Futility Infielder - 2003 DIPS (January 27, 2004)
Posted 5:05 p.m.,
February 1, 2004
(#40) -
Jay Jaffe
(homepage)
I don't claim the comparisons to be anything but what they are, a back-to-back correlation between pitchers who reached a certain threshold of innings in the two years for which I held data and with the findings published by Voros via his older system. To the best of my knowledge those are the first published correlations of DIPS 2.0 data, and they appear to support the conclusions Voros reached with DIPS 1.x using the same inning thresholds.

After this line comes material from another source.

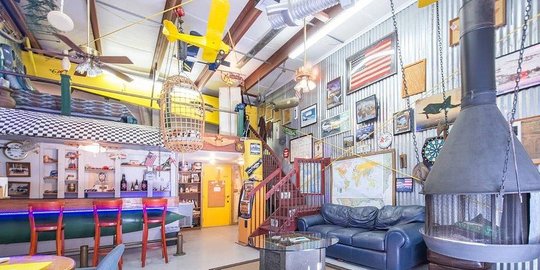 di hangar pesawat aktif di florida 58 per malam rp1000000 rev2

"[T]he most important single result in sabermetrics over the last five years"? Thanks, but I think that's a bit overstated. I am glad that the work I put into this is appreciated, though. Even many "DIPS skeptics" (including an MLB front-office person) have written to tell me that they're glad to see the data because it has some uses to them.
I will concede that RossCW has a point in #37 in that I haven't made any comparison of 98-99 DIPS 1.x to 02-03 DIPS 1.x and 98-99 DIPS 2.0 to 02-03 DIPS 2.0. I am but one man with limited capabilities, and while I've made a good faith effort to do the task I set out to do with as much accuracy as possible, I don't have the time or level of interest to build a spreadsheet that would run the older formula over a new set of data and vice versa. The methodologies for both are out there, though, so if somebody else wants to do so...
And while I see Ross' point about a non-random sample, I'm not sure how meaningful a comparison of, say, pitchers who pitched 100 innings in Season 1 and at least 1 inning in Season 2 would be -- the "sample size" issues seem obvious when it comes to small amounts of playing time. I think the general consensus here would be to use a baseline that has some meaningful level of playing time.
For what it's worth, I've rerun the 2002-2003 comparisons at a lower threshold, 50 innings in each season. The results are not as strong as at higher thresholds and there's a weird "hump" by which many of the 100 inning correlations are higher than either the 162 or the 50 inning ones, but dERA still correlates better than ERA with the following season's ERA.
category/DIPS 2.0
Years/02-03
Baseline 162/100/50
Number of P/56/96/214
$BB/.673/.733/.554
$SO/.801/.824/.767
$HR/.372/.272/.246
$H/.106/.132/.080
Years/02-03
Baseline IP/162/100/50
Number of P/56/96/214
ERA to next ERA/.288/.378/.325
dERA to next ERA/.513/.524/.432
Alas, I don't have XBH data in my sheets so that I could compare the correlations of component ERA against dERA and ERA.
Ross, you make one point there about "team average hits" etc., which is not accurate -- DIPS 1 used team averages, but DIPS 2 uses league averages.
Futility Infielder - 2003 DIPS (January 27, 2004)
Posted 1:00 a.m.,
February 2, 2004
(#42) -
Jay Jaffe
(homepage)
BTW - are your baseline numbers inclusive - i.e. does the over 50 IP include pitchers who pitched over 100?
Yes, all of those groups (50, 100, 162) include everybody who met or exceeded the number of innings pitched in both seasons.